Il est ainsi désigné d'après un retable commandé v. 1487 par l'abbé de Mondsee (Haute-Autriche), Benedikt Eck von Piburg (en fonctions de 1463 à 1499). On a proposé d'identifier ce maître avec Heinrich Freudenfuss, inscrit en 1498 à la guilde des peintres de Salzbourg. Il est vraisemblable qu'il ait fait son apprentissage dans l'atelier du Maître du monastère des Écossais de Vienne, ou chez le Maître viennois du Triptyque de la Crucifixion de Saint-Florian.
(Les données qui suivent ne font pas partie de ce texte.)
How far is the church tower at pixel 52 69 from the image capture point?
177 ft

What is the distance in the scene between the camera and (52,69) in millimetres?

   Les panneaux qu'on lui attribue, et qui représentent Saint Ambroise et Saint Jérôme (autref. dans le commerce d'art colonais), révèlent nettement les origines stylistiques viennoises du Maître de Mondsee. Par la commande du retable de Mondsee, celui-ci fut entraîné dans le cercle d'influences de Michael Pacher, qui avait également exécuté pour l'abbé Eck le Retable de saint Wolfgang. Du retable de Mondsee nous sont parvenus les panneaux latéraux représentant, sur leur face intérieure, la Vierge aux épis avec un donateur et la Fuite en Égypte et, sur leur face extérieure, les Pères de l'Église Saint Ambroise et Saint Jérôme (Vienne, Osterr. Gal.). Dans la Fuite en Égypte, le maître semble s'être souvenu d'une peinture de même thème appartenant à un volet de prédelle du Retable de saint Wolfgang de Michael Pacher, en même temps que d'une gravure de Schongauer ; sa réalisation est cependant d'un sentiment entièrement différent. Avec un dessin délicat, une sobre plasticité et des couleurs tendres, cet artiste profondément lyrique décrit l'événement comme s'il s'agissait d'un conte et transpose le sujet jusque dans l'irréel. L'appartenance de ces peintures au retable de Mondsee a été contestée par J. Wilde, qui y voit plutôt les volets mobiles de la prédelle d'un retable auquel appartiendraient 3 autres panneaux, sensiblement plus grands : une Circoncision (Vienne, Österr. Gal.), une Présentation (autref. dans le commerce d'art parisien) et l'Enfant Jésus au Temple (Vaduz, coll. Liechtenstein). O. Benesch, par contre, pense que ces 3 dernières œuvres ont fait partie d'un autre retable. La composition de la Circoncision est également empruntée au Retable de saint Wolfgang ; mais, là encore, la solennité de la cérémonie est enveloppée de mystère, de lumières et d'ombres furtives, comme si l'artiste racontait un rêve.